Assignment> Please output the line that contains "Honda Civic Coupe" and all later lines of the material, exactly, through the end.
§ §
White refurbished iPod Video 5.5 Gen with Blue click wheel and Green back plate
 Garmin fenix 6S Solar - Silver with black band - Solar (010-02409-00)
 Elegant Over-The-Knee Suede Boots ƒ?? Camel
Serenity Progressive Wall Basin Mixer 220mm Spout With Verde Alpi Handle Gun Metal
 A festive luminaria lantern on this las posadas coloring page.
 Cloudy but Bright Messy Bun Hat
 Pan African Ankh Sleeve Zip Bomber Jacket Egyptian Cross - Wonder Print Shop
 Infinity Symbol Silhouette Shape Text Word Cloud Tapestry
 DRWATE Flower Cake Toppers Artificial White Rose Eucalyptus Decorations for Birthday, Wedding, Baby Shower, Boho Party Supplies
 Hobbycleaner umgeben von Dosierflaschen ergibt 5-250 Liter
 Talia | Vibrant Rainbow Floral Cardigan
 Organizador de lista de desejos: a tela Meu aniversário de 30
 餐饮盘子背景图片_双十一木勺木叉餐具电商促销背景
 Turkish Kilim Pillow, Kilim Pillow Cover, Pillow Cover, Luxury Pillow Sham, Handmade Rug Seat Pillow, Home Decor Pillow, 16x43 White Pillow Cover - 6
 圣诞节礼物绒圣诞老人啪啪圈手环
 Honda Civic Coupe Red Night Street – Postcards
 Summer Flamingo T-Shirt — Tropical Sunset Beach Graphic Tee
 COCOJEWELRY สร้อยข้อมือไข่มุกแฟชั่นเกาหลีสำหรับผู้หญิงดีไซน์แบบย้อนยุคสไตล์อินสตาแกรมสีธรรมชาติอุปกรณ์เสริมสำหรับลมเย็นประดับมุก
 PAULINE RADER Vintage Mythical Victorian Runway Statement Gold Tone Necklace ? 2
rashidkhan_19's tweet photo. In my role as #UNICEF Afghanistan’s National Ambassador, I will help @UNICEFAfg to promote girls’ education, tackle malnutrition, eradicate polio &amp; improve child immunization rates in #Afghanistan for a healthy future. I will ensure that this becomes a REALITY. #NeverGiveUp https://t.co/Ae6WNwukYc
§ §
Written answer>
 Honda Civic Coupe Red Night Street – Postcards
 Summer Flamingo T-Shirt — Tropical Sunset Beach Graphic Tee
 COCOJEWELRY สร้อยข้อมือไข่มุกแฟชั่นเกาหลีสำหรับผู้หญิงดีไซน์แบบย้อนยุคสไตล์อินสตาแกรมสีธรรมชาติอุปกรณ์เสริมสำหรับลมเย็นประดับมุก
 PAULINE RADER Vintage Mythical Victorian Runway Statement Gold Tone Necklace ? 2
rashidkhan_19's tweet photo. In my role as #UNICEF Afghanistan’s National Ambassador, I will help @UNICEFAfg to promote girls’ education, tackle malnutrition, eradicate polio &amp; improve child immunization rates in #Afghanistan for a healthy future. I will ensure that this becomes a REALITY. #NeverGiveUp https://t.co/Ae6WNwukYc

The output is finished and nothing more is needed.